The answer consists only of the lines from the beginning of the listing below to the line holding "The Dispenset S comes", inclusive, with every picture removed.

- Recorded data:
========================================================================

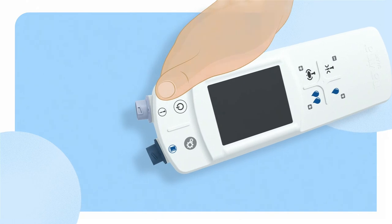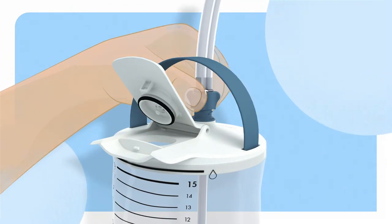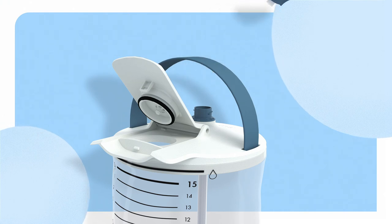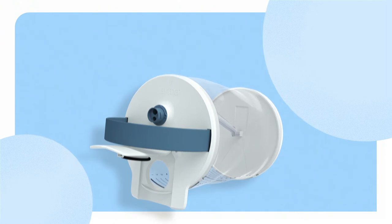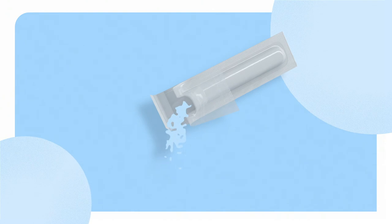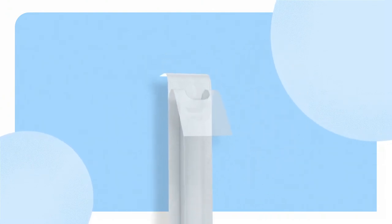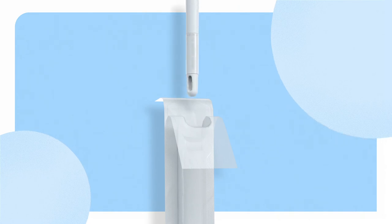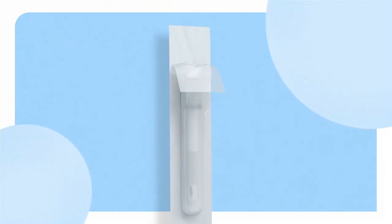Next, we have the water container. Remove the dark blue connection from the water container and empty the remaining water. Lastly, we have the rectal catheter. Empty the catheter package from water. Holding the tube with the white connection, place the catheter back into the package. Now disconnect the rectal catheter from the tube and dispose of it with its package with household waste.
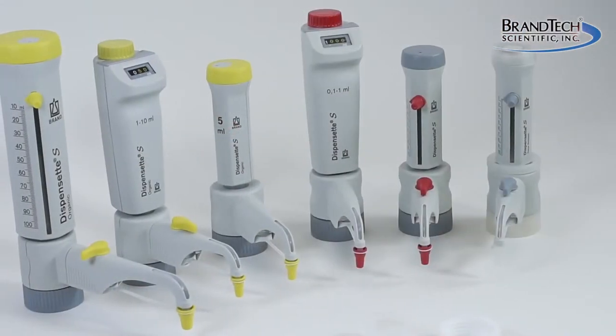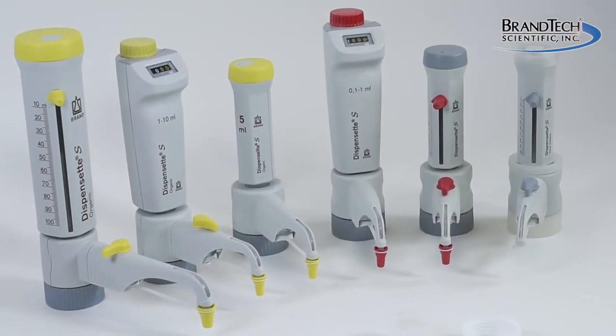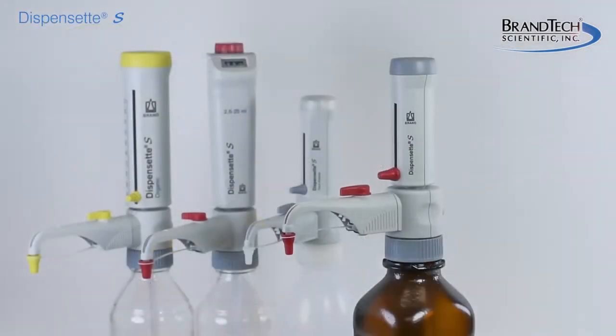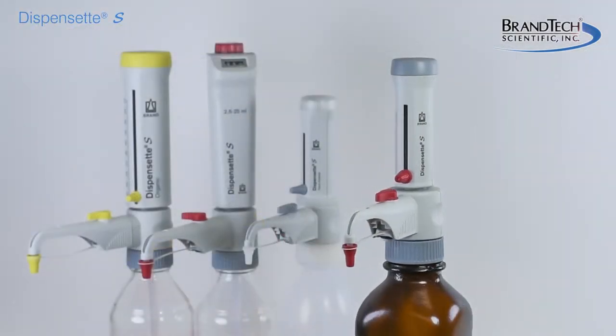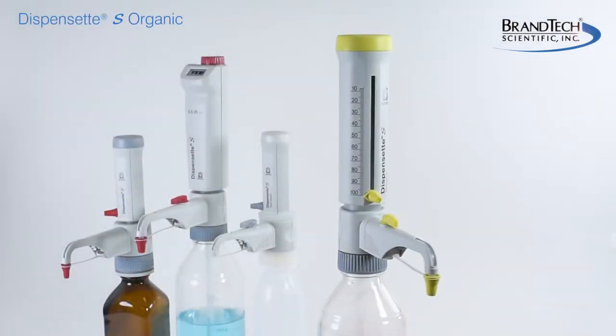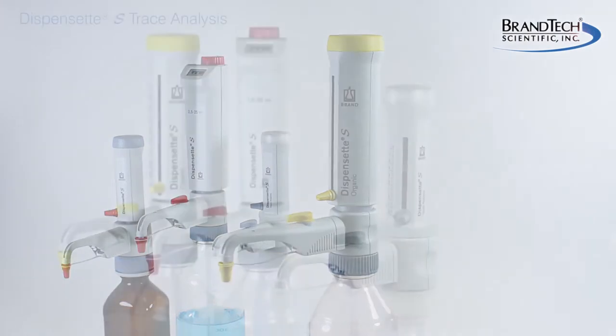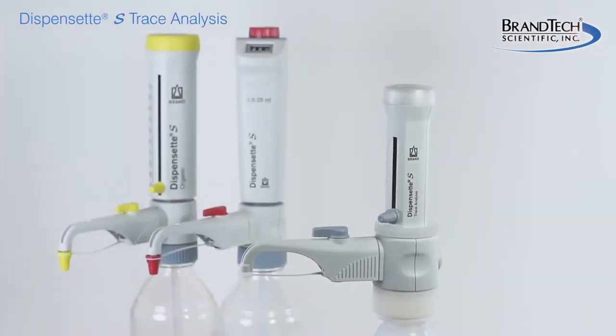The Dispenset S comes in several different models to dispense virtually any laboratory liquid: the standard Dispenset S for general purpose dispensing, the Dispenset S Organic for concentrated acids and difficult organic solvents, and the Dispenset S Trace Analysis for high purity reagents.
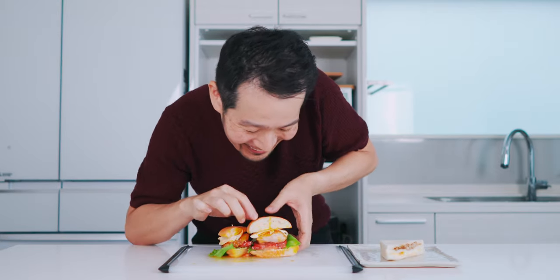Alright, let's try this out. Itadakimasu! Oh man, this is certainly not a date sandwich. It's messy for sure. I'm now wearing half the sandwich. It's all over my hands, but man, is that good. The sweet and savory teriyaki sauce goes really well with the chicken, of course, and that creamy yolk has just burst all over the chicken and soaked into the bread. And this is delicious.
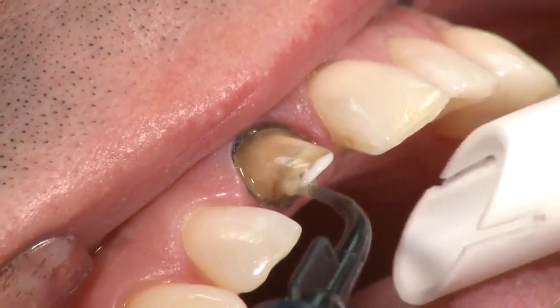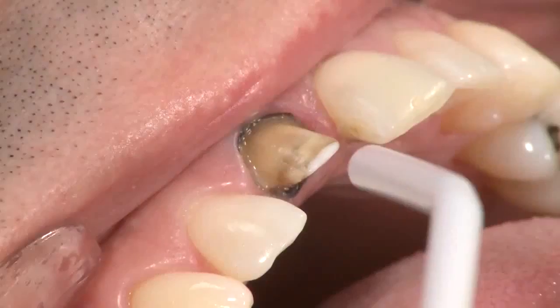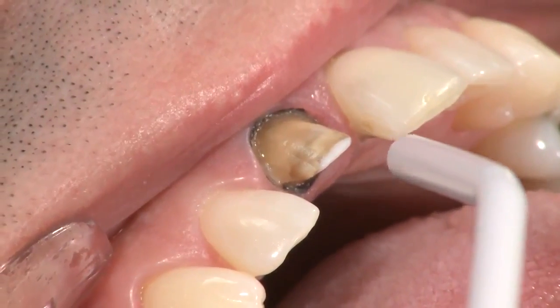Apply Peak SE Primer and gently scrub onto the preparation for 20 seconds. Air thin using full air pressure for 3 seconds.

========================================================================

- Written response:
Next, we have the water container. Remove the dark blue connection from the water container and empty the remaining water. Lastly, we have the rectal catheter. Empty the catheter package from water. Holding the tube with the white connection, place the catheter back into the package. Now disconnect the rectal catheter from the tube and dispose of it with its package with household waste.
The Dispenset S comes in several different models to dispense virtually any laboratory liquid: the standard Dispenset S for general purpose dispensing, the Dispenset S Organic for concentrated acids and difficult organic solvents, and the Dispenset S Trace Analysis for high purity reagents.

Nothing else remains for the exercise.